A mio parere, la parte più interessante della mostra – non tanto per la qualità degli oggetti che, invero, era altissima nel complesso – era quella in cui si mettevano in evidenza le connessioni artistiche e culturali tra la Cina di quegli anni e il resto dell’Asia. Non solo, infatti, i manufatti cinesi di allora costituivano i modelli più diffusi tra gli stati tradizionalmente vicini all’area di influenza del Regno di Mezzo, ma si possono facilmente trovare relazioni formali e tematiche anche con aree più lontane, come quella Timuride. Non sorprenderà più, quindi che gli artisti dell’Asia Centrale svelino nelle loro opere stimoli cinesi, ad esempio nelle miniature, così come non deve meravigliare che porcellane cinesi siano conservate in siti dell’Africa orientale, tra Somalia, Kenia e Tanzania.

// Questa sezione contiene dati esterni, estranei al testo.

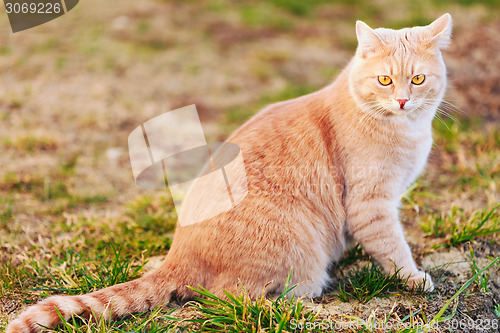 Image of Red cat sitting on green spring grass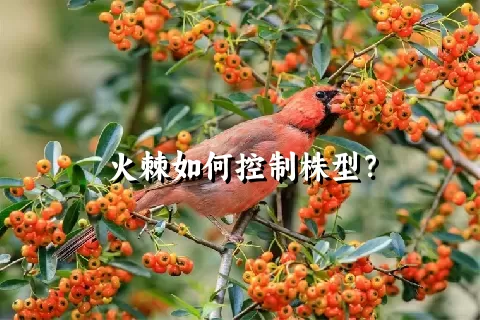 火棘如何控制株型？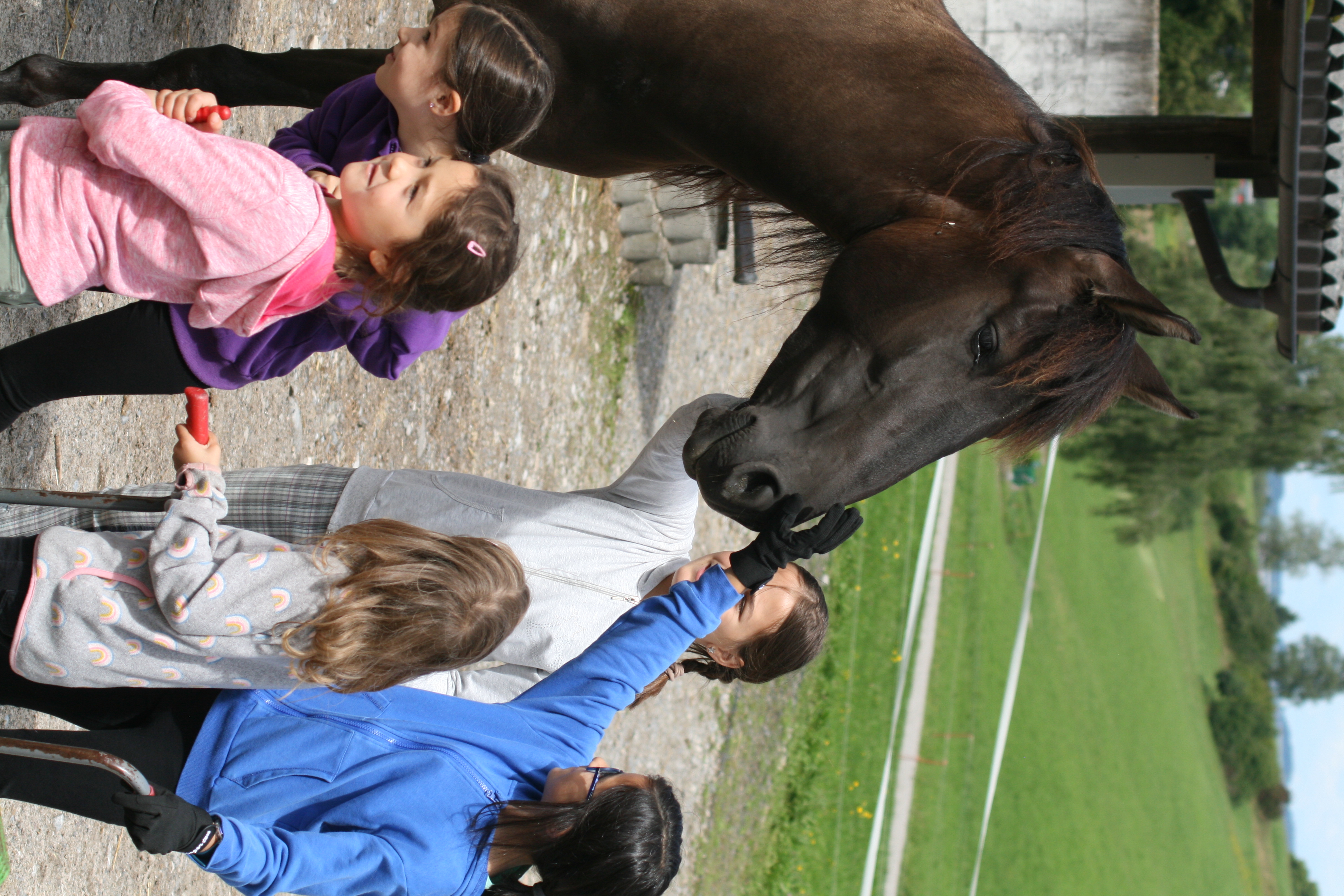 Ponyclub – Sonntagsedition (halbtags)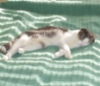 vecturist: (max2)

Rari invece erano gli oggetti cinesi che a quel tempo raggiungevano l’Europa, soprattutto per tramite di mercanti medio-orientali e nord-africani: tra quelli sopravvissuti se ne possono contare sulle dita di una sola mano. Una situazione che sarebbe cambiata da lì a qualche decennio, verso l’inizio del Cinquecento, allorchè i portoghesi cominciarono a fare regolarmente la spola tra l’Oceano Indiano e Lisbona, trasportando nel cosiddetto Vecchio Continente quantità sempre più ingenti di materiali cinesi. Oggetti preziosi che avrebbero trovato posto nelle ‘Stanze delle Meraviglie’, gli scrigni dei tesori delle più importanti corti d’Europa.
Ma questa è un’altra storia, diversa da quella – altrettanto stimolante – raccontata nella mostra del British Museum dedicata all’arte e alla cultura della Cina della prima metà del XV secolo.